1. Get inspired by a song - Have you ever wondered about the story behind a song? Dig into the lyrics. Who are the characters? What’s their situation? Write about it. You could simply try to recreate the song in prose to get you started then use your imagination to add your own spin. With a basic structure you can build on it, change or complicate it into something interesting.
2. Are you a people watcher? - Invent a back story for someone you encounter in your daily life. The cheery postman. Is he really so cheery – is he hiding a dark secret? The grumpy bus driver. Why is he in a mood? Is he just desperate to be back home to binge watch his favourite TV drama? The backstory doesn’t have to be your final idea, but it may get you somewhere to it.
3. Have fun with pets! – If your pet were a person, who would they be? We humans have a natural tendency to anthropomorphize animals by assuming they have their own human characteristics. Why not really have fun with this and take it to the extreme? Write about your dog as a CEO of a multi-million pound conglomerate? Where does that lead you?
4. Get personal – Write about a childhood moment. Something that shaped your future in some way. Or, imagine if things had gone differently. Instead of winning that contest, you lost.
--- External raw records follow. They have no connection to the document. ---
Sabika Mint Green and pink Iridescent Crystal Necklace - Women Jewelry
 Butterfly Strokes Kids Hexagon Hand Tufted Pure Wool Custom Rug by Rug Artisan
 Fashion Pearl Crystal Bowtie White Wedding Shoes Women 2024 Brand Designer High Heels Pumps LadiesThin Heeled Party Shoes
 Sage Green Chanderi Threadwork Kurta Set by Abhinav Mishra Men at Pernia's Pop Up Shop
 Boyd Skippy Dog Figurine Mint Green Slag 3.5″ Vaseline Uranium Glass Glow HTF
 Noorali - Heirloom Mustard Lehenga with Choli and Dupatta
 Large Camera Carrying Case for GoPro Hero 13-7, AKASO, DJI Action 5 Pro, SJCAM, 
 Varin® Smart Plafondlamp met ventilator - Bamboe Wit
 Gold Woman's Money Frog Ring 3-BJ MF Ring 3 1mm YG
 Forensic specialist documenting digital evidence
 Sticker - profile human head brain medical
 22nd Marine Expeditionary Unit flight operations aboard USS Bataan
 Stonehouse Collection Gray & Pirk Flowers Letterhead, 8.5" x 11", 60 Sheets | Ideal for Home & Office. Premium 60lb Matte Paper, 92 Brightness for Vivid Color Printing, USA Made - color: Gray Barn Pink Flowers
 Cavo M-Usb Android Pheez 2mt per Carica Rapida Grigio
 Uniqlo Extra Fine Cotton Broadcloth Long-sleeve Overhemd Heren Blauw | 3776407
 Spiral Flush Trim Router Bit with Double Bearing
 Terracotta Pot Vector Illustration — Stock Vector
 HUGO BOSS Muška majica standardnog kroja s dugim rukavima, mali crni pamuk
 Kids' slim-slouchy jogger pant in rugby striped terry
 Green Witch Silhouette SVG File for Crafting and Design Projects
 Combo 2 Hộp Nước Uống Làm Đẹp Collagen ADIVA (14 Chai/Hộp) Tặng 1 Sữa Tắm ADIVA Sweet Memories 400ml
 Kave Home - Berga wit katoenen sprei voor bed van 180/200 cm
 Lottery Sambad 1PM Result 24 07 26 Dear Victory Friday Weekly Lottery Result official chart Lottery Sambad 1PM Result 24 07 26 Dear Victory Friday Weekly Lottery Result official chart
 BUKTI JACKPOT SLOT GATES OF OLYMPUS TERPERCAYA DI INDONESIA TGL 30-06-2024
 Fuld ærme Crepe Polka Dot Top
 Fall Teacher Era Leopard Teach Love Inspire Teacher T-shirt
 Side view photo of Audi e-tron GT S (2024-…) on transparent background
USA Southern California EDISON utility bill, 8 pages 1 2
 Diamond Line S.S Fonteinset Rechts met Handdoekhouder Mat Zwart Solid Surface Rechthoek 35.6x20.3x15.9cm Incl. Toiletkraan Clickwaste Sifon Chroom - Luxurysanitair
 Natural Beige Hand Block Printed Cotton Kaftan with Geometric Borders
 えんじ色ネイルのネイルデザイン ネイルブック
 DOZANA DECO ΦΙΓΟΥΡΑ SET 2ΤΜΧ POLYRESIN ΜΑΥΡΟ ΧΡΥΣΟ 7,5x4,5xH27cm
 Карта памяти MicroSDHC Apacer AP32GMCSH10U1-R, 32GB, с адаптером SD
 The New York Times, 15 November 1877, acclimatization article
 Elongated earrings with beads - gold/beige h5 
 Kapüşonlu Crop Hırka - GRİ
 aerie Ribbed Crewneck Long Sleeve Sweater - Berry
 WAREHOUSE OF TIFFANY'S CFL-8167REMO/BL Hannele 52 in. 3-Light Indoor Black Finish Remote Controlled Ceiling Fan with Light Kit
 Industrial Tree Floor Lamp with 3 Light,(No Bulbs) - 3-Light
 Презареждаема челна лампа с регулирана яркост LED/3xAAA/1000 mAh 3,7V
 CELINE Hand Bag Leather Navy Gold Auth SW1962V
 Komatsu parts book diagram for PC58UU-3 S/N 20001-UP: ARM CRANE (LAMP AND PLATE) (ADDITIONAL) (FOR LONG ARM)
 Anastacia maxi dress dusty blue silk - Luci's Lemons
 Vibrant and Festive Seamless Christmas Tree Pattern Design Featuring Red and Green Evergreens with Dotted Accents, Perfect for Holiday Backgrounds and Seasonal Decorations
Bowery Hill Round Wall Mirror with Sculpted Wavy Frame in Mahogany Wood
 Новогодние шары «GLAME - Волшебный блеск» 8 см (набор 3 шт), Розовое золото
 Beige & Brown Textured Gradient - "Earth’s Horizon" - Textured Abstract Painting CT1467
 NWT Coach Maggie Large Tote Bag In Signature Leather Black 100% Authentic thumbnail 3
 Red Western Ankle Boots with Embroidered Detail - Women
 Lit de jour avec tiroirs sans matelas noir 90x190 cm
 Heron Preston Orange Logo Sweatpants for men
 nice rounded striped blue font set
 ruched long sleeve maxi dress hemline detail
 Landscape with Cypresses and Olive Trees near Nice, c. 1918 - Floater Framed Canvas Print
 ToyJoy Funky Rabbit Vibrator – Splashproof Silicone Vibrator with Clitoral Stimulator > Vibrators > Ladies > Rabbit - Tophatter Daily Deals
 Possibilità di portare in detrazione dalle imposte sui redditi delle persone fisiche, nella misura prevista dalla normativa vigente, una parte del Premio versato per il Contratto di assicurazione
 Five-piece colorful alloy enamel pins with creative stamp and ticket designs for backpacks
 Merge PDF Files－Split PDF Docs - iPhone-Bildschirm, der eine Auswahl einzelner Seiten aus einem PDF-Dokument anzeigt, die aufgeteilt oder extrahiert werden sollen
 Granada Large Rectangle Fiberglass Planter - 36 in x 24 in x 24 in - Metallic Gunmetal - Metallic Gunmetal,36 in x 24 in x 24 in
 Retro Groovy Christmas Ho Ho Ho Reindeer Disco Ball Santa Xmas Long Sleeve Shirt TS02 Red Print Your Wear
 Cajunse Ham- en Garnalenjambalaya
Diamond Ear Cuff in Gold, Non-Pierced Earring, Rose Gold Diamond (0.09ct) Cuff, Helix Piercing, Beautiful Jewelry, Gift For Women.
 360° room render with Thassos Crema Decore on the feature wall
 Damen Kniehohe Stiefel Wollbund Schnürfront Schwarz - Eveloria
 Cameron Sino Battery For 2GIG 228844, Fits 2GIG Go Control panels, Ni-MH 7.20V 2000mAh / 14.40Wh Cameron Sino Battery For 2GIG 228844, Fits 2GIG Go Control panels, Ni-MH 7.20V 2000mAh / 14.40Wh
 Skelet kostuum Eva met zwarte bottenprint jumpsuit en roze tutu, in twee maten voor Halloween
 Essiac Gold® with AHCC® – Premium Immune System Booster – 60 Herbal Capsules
Don’t be afraid to write about failure. No one is successful all the time. Let your guard down and relay your struggle. Others may find it inspirational. Equally you might find a new way to look at that mitigates your embarrassment. Give yourself some credit for dusting yourself off and carrying on!
5. Use writing prompts - The Internet is full of writing prompts for people who need story inspiration. Some sources are better than others, but if you’re struggling to figure out what to write about, social media is a great place to start. We have come across the team at 64 Million Artists who run free, UK-wide programmes like The January Challenge and The Weekly Challenge to invite people to kickstart their creativity and wellbeing. It is a fantastic programme full of weird and wacky inspiration.
We know we are making this all sound terribly easy and to some extent it is. However, that is not to say that you don’t still need to put some work into it. Some of these may not end up being your ‘final’ story but they may help to get you going. In writing the book you want to read you still need to think about all the elements in the book you want to read. Is it mystery, menace, sci-fi or romance? This list will become your roadmap to writing the book you want. Finally, if you are not an expert in your chosen topic, read widely. The best way to sound like you know what you’re talking about is to read what you’re talking about. Read about your topic to get a handle on context and terminology. Incorporate what you’ve learned to your writing, and you be off to a great start.